I'm looking for an example of operator $T \in L(\mathbb{C}^2)$ that is diagonalizable but not normal.
But, I think any diagonalizable $T \in L(\mathbb{C}^2)$ is normal because $$M(T)= \begin{bmatrix} a & 0\\ 0& b \end{bmatrix}$$ with respect to some basis.
So, $$M(T^\ast )=\begin{bmatrix} \bar{a} & 0\\ 0& \bar{b} \end{bmatrix}$$ with respect to the same basis.
Thus, $$M(T)M(T^\ast )=\begin{bmatrix} \left \| a \right \|^2 & 0 \\ 0& \left \| b \right \|^2 \end{bmatrix}=M(T^\ast )M(T)$$
Hence, if $T \in L(\mathbb{C}^2)$ is diagonalizable, then $T$ is noraml.

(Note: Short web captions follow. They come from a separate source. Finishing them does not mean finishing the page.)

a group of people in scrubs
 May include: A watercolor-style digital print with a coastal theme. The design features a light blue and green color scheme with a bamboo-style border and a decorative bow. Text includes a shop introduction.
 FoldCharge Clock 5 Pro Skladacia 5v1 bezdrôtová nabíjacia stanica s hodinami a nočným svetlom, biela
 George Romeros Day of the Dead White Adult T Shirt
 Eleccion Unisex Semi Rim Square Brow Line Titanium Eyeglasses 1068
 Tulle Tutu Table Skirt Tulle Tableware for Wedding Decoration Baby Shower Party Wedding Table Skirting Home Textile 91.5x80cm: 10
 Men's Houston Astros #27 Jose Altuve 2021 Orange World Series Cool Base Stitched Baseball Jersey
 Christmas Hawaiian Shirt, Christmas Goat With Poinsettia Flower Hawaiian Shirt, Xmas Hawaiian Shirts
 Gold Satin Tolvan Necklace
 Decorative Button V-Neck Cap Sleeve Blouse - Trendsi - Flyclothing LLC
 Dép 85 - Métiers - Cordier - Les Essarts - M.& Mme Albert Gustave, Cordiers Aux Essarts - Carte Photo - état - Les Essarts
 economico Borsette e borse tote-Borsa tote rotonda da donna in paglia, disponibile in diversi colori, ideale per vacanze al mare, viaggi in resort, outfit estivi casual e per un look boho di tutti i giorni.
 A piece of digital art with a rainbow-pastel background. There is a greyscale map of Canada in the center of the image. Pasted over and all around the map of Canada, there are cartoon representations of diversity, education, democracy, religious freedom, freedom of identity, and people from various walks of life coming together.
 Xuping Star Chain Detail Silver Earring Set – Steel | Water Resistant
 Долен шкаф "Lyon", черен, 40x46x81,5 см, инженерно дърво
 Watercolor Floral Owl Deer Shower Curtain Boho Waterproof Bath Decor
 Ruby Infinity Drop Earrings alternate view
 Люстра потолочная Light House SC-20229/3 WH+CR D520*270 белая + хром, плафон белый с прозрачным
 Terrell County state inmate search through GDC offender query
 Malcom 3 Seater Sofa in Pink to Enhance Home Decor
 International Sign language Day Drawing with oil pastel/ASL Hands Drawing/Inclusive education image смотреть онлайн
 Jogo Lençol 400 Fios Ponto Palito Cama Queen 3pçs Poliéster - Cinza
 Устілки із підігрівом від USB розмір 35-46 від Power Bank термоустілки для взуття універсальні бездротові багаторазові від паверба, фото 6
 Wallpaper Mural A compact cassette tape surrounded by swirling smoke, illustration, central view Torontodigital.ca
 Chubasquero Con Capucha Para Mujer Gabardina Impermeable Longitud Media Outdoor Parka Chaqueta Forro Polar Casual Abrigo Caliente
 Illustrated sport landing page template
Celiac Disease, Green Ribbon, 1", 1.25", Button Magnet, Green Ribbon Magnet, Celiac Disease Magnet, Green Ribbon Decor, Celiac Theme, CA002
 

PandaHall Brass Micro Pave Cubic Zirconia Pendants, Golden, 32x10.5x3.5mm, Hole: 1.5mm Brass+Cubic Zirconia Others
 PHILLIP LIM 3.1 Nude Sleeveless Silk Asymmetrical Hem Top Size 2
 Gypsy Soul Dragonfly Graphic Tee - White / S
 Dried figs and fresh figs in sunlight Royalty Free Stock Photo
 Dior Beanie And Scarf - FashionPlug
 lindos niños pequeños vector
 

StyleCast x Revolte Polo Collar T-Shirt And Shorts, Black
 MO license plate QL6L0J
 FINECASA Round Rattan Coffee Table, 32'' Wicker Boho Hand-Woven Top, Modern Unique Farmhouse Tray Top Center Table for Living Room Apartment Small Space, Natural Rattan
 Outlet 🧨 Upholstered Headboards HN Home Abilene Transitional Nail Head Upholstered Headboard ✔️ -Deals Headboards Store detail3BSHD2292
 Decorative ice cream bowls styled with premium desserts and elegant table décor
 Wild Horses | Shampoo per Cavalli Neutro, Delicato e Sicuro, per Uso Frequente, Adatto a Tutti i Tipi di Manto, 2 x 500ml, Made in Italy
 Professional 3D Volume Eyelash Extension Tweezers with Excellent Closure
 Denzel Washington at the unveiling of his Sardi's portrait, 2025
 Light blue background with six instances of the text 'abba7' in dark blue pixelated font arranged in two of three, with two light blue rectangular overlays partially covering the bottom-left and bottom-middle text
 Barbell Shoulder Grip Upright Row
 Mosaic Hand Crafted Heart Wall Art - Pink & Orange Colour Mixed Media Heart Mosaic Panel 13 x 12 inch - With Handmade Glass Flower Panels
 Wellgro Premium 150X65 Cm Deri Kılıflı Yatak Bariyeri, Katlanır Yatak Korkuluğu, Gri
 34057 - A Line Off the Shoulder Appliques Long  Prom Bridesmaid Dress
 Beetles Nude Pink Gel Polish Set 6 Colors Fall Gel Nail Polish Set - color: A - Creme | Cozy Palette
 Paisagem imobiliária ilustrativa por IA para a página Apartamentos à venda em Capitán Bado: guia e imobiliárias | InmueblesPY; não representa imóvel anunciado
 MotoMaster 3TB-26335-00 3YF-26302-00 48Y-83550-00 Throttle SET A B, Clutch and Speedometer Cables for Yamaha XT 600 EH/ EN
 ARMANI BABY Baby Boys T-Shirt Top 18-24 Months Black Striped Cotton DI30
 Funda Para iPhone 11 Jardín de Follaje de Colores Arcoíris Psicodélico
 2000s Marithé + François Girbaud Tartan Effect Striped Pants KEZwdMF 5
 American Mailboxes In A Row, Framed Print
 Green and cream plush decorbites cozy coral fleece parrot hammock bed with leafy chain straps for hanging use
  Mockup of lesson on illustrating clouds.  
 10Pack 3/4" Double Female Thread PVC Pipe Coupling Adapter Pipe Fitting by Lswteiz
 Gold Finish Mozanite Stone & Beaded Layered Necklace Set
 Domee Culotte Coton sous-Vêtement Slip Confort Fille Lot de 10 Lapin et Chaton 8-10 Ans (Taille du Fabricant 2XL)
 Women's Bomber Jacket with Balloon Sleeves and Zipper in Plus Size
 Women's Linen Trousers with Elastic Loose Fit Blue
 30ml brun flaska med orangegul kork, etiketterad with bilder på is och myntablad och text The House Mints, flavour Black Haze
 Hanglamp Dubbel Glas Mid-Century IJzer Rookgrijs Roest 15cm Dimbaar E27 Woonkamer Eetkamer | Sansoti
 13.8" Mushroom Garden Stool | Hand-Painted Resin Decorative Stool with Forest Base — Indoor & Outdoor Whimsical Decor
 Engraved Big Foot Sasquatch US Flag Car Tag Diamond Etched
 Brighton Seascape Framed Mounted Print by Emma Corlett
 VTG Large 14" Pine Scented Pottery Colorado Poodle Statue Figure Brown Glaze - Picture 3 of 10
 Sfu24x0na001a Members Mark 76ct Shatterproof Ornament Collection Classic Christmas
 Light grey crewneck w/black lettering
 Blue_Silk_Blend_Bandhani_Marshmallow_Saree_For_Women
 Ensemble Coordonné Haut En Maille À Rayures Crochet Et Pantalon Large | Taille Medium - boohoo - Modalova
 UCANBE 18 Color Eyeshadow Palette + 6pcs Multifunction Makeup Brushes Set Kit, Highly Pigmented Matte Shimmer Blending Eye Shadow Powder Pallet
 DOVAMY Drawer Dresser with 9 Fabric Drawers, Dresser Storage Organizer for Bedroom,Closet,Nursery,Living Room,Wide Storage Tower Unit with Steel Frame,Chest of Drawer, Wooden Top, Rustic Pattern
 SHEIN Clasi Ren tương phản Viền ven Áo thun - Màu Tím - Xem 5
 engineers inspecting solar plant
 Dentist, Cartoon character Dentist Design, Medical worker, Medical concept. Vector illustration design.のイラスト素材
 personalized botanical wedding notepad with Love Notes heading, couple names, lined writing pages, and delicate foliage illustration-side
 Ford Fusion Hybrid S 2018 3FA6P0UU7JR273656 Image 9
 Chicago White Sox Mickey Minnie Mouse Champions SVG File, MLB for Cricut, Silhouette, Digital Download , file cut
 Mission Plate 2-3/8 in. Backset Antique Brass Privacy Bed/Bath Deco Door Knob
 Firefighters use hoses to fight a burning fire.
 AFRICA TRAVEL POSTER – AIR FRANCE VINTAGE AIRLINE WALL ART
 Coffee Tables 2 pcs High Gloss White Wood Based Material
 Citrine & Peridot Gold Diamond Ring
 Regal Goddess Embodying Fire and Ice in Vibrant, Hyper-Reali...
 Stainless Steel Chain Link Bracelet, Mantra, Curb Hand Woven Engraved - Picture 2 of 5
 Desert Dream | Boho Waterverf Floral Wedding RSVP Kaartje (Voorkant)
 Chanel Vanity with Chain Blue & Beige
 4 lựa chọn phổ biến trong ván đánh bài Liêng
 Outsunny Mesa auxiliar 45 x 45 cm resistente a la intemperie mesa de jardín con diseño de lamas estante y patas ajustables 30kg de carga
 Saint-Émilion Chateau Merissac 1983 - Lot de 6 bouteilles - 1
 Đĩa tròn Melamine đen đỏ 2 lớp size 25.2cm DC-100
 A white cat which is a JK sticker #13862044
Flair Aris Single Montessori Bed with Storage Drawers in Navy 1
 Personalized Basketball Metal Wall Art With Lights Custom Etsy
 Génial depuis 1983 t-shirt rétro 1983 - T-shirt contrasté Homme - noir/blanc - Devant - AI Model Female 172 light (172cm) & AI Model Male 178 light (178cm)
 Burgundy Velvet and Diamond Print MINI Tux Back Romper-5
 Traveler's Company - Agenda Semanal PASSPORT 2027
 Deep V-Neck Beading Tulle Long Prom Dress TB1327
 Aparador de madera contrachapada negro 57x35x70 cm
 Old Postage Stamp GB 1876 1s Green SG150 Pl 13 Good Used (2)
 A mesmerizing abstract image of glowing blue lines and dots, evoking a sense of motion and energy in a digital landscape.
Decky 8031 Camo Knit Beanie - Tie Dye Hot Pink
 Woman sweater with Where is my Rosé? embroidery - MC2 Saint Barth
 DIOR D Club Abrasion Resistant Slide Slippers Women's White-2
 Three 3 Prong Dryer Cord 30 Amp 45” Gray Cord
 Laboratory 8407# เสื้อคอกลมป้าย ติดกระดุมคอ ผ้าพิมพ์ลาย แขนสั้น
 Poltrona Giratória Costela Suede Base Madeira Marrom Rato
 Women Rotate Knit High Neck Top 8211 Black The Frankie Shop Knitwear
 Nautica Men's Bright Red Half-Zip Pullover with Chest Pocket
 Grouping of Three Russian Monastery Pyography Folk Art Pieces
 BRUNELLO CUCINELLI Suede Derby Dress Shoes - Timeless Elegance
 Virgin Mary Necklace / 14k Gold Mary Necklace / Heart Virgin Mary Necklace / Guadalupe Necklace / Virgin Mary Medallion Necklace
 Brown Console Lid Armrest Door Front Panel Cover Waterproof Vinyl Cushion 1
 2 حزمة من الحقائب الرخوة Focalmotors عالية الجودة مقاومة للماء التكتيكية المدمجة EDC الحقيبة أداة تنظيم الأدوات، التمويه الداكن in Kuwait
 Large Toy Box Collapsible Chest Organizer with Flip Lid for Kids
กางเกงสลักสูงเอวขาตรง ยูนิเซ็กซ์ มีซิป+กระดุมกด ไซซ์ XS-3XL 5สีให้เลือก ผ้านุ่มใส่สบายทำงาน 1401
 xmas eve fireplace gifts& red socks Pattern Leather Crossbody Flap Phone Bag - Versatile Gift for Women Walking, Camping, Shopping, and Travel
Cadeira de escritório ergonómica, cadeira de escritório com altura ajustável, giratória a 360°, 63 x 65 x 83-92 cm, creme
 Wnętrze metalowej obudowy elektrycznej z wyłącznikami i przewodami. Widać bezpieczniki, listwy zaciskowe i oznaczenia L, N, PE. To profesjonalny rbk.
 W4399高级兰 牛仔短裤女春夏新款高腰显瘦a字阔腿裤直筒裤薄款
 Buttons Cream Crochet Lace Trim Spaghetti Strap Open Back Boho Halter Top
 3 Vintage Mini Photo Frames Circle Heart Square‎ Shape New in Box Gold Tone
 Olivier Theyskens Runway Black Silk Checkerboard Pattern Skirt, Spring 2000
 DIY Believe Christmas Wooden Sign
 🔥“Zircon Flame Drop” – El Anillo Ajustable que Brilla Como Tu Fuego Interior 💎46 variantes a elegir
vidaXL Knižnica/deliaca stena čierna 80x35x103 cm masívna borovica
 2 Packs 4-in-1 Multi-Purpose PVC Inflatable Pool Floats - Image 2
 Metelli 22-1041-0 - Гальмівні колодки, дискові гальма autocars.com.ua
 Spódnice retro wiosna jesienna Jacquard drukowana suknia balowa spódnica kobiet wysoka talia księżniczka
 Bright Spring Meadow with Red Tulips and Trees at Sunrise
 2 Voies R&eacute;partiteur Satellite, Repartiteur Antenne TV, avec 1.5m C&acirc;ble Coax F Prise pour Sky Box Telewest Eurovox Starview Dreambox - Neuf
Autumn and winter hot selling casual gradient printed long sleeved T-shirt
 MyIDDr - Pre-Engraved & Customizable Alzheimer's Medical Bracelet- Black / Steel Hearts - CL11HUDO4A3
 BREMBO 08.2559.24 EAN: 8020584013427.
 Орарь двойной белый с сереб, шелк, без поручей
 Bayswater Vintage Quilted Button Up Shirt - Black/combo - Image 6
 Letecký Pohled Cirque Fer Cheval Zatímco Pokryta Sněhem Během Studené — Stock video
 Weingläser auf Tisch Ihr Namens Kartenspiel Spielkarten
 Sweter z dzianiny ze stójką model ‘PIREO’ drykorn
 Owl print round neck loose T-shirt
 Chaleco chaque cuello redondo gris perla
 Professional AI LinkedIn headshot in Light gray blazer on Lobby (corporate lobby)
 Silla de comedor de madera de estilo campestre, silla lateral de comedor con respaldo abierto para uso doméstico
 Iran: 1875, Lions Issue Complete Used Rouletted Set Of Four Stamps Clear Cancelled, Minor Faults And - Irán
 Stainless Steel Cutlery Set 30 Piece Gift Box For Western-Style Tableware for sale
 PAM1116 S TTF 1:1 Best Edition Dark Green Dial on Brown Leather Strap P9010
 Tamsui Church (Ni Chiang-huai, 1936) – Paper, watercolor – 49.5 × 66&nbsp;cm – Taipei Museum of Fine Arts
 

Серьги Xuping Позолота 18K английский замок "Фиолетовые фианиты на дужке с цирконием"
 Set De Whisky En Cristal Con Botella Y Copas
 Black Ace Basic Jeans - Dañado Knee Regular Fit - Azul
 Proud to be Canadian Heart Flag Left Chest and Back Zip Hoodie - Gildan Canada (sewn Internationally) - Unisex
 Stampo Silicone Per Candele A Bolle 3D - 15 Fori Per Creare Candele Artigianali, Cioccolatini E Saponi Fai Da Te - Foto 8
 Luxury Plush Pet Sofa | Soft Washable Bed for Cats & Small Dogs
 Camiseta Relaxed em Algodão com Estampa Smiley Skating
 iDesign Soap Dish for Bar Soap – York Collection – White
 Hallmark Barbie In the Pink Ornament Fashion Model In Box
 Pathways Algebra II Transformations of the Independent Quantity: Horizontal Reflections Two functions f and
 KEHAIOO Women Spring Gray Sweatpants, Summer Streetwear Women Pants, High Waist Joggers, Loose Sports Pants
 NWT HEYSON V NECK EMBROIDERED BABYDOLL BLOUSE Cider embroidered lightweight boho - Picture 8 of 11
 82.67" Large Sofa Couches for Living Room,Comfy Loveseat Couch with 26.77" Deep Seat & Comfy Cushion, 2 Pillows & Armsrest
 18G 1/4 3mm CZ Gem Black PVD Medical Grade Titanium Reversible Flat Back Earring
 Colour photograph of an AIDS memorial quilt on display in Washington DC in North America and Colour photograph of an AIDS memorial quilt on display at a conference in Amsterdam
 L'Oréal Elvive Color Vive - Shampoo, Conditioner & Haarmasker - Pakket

This is my reasoning, but it has to be wrong.
Which part in my reasoning doesn't make sense? And, what is a good example of $T$ that is diagonalizable but not normal?
Normal would imply orthogonal diagonalization. However, if $A$ is a $2\times 2$ matrix complex matrix with non-orthogonal 1-dimensional subspaces, then $A$ cannot be normal. For example, suppose $$ A\hat{a}=\hat{a},\;\;\; A\hat{b}=-\hat{b} $$ where $$ \hat{a}\cdot\hat{b}\ne 0. $$ For example, $$ \hat{a}=\left[\begin{array}{1}1 \\ 1\end{array}\right],\;\;\; \hat{b}=\left[\begin{array}{1}1 \\ 0 \end{array}\right]. $$ Suppose $A=[a_{ij}]$. Then we want $$ A\left[\begin{array}{c}1 \\ 1\end{array}\right]=\left[\begin{array}{c}1 \\ 1\end{array}\right] \\ A\left[\begin{array}{c}1 \\ 0\end{array}\right]=\left[\begin{array}{c}-1 \\ 0\end{array}\right] $$ Or, $$ a_{11}+a_{12}=1 \\ a_{21}+a_{22}=1 \\ a_{11} = -1 \\ a_{21} = 0 $$ The resulting matrix $A$ is $$ \left[\begin{array}{cc}-1 & 2 \\ 0 & 1\end{array}\right] $$ You can check that $A$ is not normal: $$ AA^{T} = \left[\begin{array}{cc}-1 & 2 \\ 0 & 1\end{array}\right]\left[\begin{array}{cc} -1 & 0 \\ 2 & 1\end{array}\right] = \left[\begin{array}{cc}5 & 2 \\ 2 & 1\end{array}\right] \\ A^{T}A = \left[\begin{array}{cc} -1 & 0 \\ 2 & 1\end{array}\right]\left[\begin{array}{cc}-1 & 2 \\ 0 & 1\end{array}\right]=\left[\begin{array}{cc}1 & -2 \\ -2 & 5\end{array}\right] \ne AA^{T} $$ But $A$ is diagonalizable.